» What you need to do: The output should be the listing below, limited to the lines from the one with "Nuclear Waste Radioactive Wastebin Icon" through the one with "thumbnail image 2", exact and without pictures.

» Data listing:
▬▬▬▬▬▬▬▬▬▬

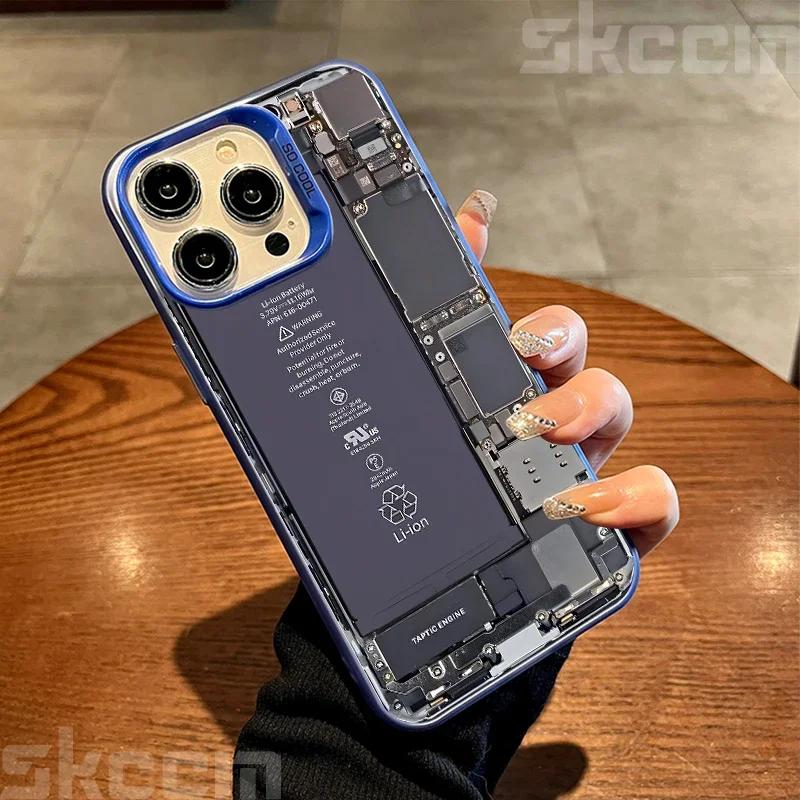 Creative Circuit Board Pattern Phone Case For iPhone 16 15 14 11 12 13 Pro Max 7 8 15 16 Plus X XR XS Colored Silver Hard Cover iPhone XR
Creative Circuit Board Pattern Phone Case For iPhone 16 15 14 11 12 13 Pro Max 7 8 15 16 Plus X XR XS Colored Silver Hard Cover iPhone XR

▬▬▬▬▬▬▬▬▬▬

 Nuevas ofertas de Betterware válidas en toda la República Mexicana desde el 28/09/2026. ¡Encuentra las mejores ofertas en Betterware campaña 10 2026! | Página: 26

▬▬▬▬▬▬▬▬▬▬

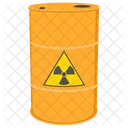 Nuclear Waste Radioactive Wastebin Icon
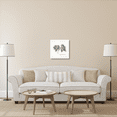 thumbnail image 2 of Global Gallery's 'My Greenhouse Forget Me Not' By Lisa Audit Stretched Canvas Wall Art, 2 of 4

▬▬▬▬▬▬▬▬▬▬

» Answer to this problem:
 Nuclear Waste Radioactive Wastebin Icon
 thumbnail image 2 of Global Gallery's 'My Greenhouse Forget Me Not' By Lisa Audit Stretched Canvas Wall Art, 2 of 4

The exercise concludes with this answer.